TASK TO COMPLETE:
The whole listing that follows is to be restated word for word, images excluded.

DATA BELOW:
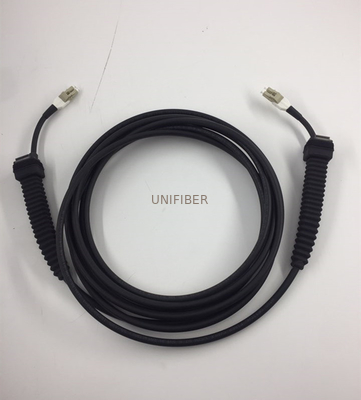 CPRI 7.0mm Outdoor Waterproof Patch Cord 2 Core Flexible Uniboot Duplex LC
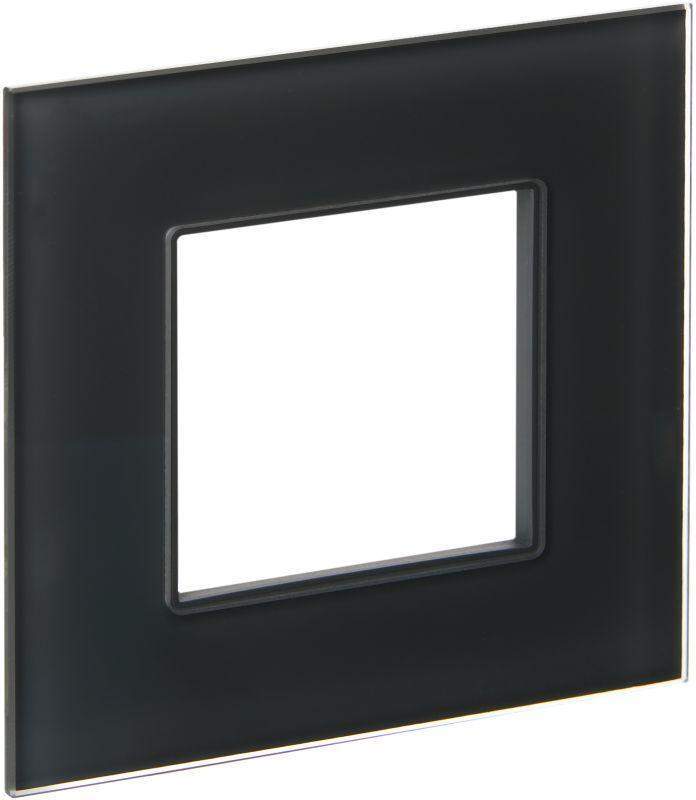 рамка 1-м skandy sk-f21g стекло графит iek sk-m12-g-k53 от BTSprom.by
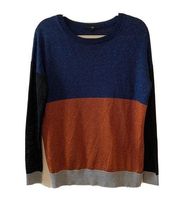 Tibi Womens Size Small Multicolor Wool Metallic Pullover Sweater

RESULT OF THIS TASK:
 CPRI 7.0mm Outdoor Waterproof Patch Cord 2 Core Flexible Uniboot Duplex LC
 рамка 1-м skandy sk-f21g стекло графит iek sk-m12-g-k53 от BTSprom.by
 Tibi Womens Size Small Multicolor Wool Metallic Pullover Sweater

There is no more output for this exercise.